Aujourd'hui, la cercosporiose est la maladie foliaire la plus pénalisante en betterave, avec des pertes pouvant atteindre 10 à 30 % de rendement.

Lorsque les attaques sont précoces, le feuillage est progressivement détruit. La plante réagit en produisant de nouvelles feuilles, mobilisant une partie des réserves normalement destinées à la production de sucre.

Les conséquences peuvent être importantes :

  • ✔️ Baisse du rendement racine.
  • ✔️ Diminution de la richesse.
  • ✔️ Augmentation des impuretés.
  • ✔️ Dégradation de la conservation des betteraves.

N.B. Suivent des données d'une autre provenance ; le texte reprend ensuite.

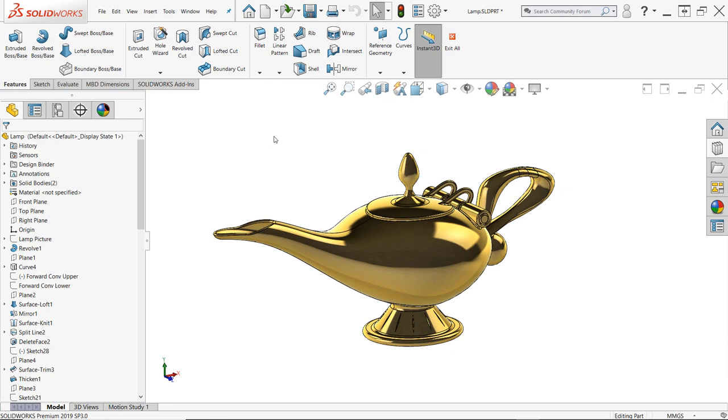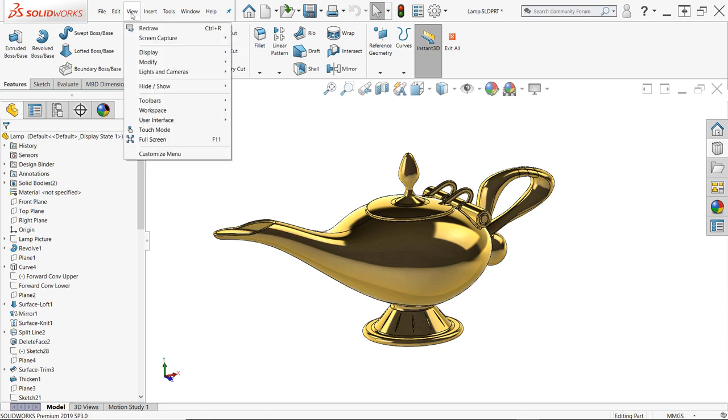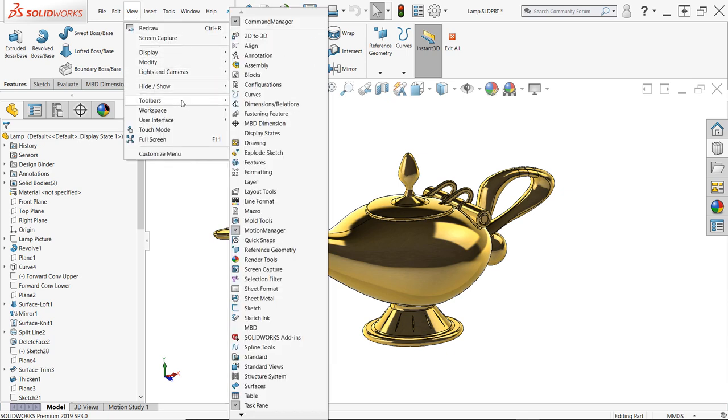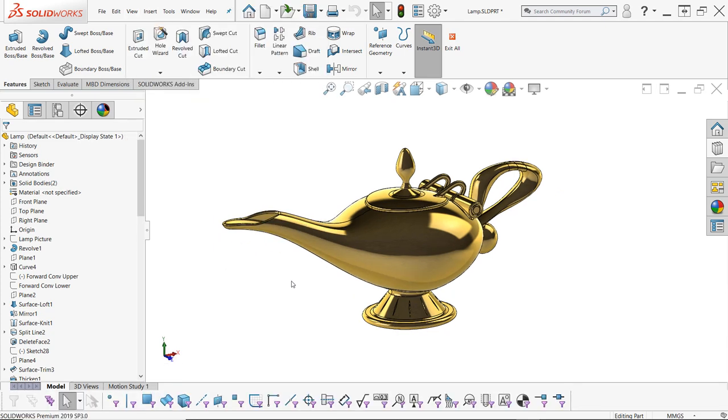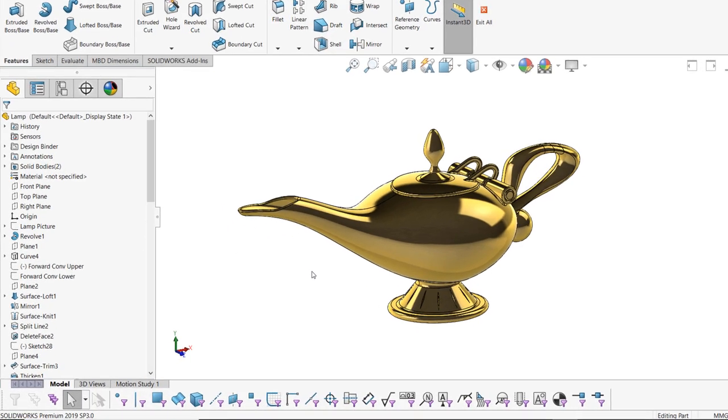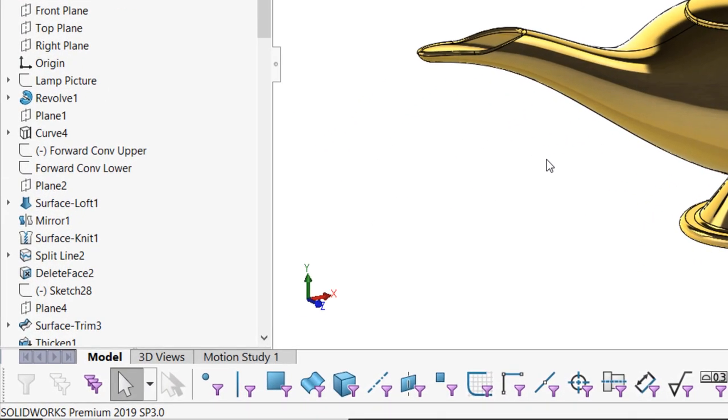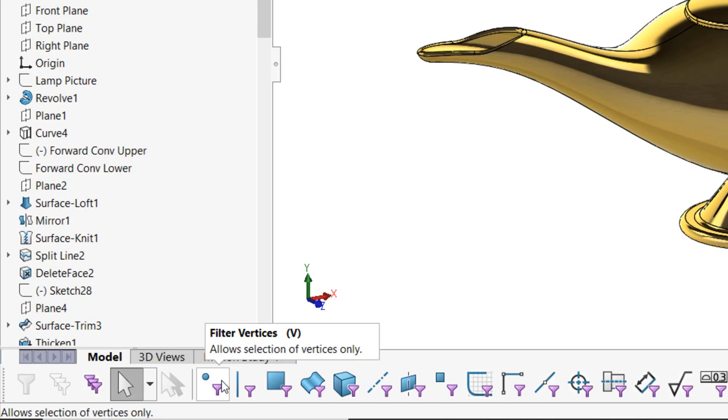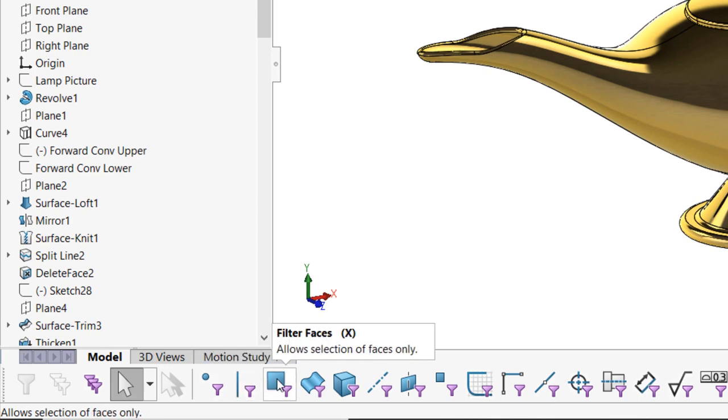If you'd like to browse the available selection filters for future reference, turn on the selection filter toolbar by clicking View, Toolbars, Selection Filter, or by simply pressing F5 on the keyboard. In this toolbar, you'll find a filter for nearly every SOLIDWORKS entity to assist you in making precise graphical selections.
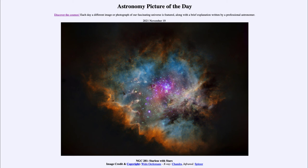So here we get to see one of those multi-wavelength images of a star-forming region that shows the new cluster of stars now forming at the center, which we can see in great detail using the infrared and X-ray observations as well as the visible light.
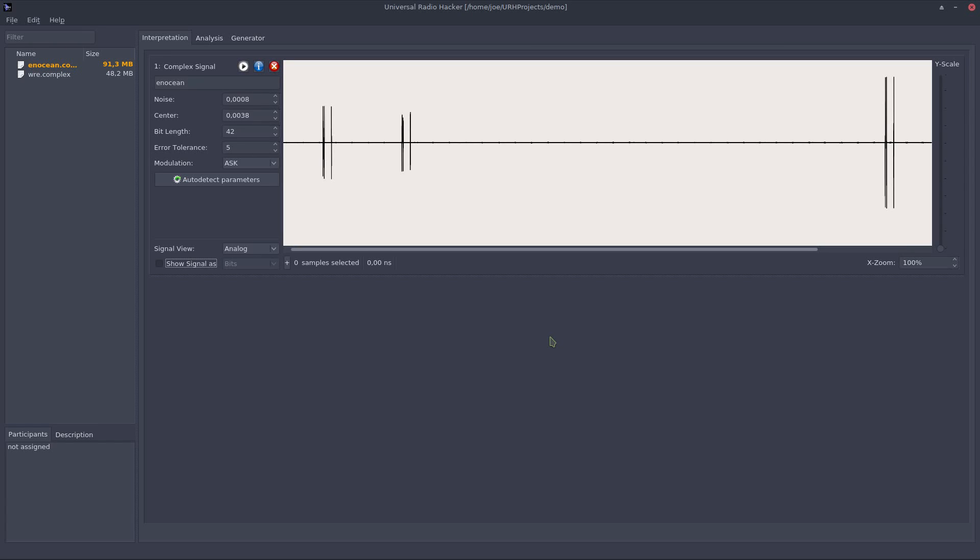What's up fellow hackers! In this video I will show you the interpretation tab of the Universal Radio Hacker. The goal of the interpretation phase is to get the bits out of the received sine waves.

Dans les situations les plus exposées, plusieurs tonnes de rendement peuvent être perdues en l'absence de protection adaptée.

Les matières actives disponibles

Les principales solutions actuellement disponibles reposent principalement sur plusieurs familles de matières actives :

Famille Matières actives principales
Triazoles prothioconazole, difénoconazole, tétraconazole, méfentrifluconazole
SDHI fluopyram
QiI fenpicoxamide
Cuivre oxychlorure de cuivre (préventif), hydroxyde de cuivre (curatif)
Soufre soufre élémentaire

L'arrivée du fenpicoxamide constitue une avancée intéressante pour diversifier les modes d'action et limiter les risques de résistance.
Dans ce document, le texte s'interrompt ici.